In the entries below, find the line containing "Raw Records 7-inch" and the line containing "Image for 2018 Audi A3". Copy those two lines and everything between them exactly, and only that.

[Start of section]

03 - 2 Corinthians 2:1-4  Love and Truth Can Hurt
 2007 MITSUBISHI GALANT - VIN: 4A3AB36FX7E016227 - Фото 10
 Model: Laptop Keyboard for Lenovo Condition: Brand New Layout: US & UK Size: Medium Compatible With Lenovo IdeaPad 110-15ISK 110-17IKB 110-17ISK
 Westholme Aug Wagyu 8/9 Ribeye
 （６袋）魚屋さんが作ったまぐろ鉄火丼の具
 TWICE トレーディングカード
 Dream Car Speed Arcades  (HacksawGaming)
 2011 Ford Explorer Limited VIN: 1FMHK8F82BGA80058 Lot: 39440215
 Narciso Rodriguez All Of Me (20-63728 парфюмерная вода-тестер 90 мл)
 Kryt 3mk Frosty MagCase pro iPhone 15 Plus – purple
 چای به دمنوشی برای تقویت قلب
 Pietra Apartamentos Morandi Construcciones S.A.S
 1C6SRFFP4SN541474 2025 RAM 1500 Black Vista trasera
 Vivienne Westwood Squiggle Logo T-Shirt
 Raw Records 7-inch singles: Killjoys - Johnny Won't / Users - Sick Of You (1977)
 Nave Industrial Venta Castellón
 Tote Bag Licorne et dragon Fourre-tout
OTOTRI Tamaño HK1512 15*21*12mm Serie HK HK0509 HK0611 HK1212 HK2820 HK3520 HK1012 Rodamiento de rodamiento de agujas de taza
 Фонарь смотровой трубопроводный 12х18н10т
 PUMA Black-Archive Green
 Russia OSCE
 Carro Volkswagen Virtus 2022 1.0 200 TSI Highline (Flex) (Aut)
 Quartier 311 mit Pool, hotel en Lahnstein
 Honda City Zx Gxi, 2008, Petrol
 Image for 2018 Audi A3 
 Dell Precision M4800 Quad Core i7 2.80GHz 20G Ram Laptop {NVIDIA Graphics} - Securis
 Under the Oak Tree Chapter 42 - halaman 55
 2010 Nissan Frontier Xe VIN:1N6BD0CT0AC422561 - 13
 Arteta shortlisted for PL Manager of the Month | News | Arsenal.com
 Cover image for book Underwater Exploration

[End of section]

— EXERCISE RESULT —
 Raw Records 7-inch singles: Killjoys - Johnny Won't / Users - Sick Of You (1977)
 Nave Industrial Venta Castellón
 Tote Bag Licorne et dragon Fourre-tout
OTOTRI Tamaño HK1512 15*21*12mm Serie HK HK0509 HK0611 HK1212 HK2820 HK3520 HK1012 Rodamiento de rodamiento de agujas de taza
 Фонарь смотровой трубопроводный 12х18н10т
 PUMA Black-Archive Green
 Russia OSCE
 Carro Volkswagen Virtus 2022 1.0 200 TSI Highline (Flex) (Aut)
 Quartier 311 mit Pool, hotel en Lahnstein
 Honda City Zx Gxi, 2008, Petrol
 Image for 2018 Audi A3 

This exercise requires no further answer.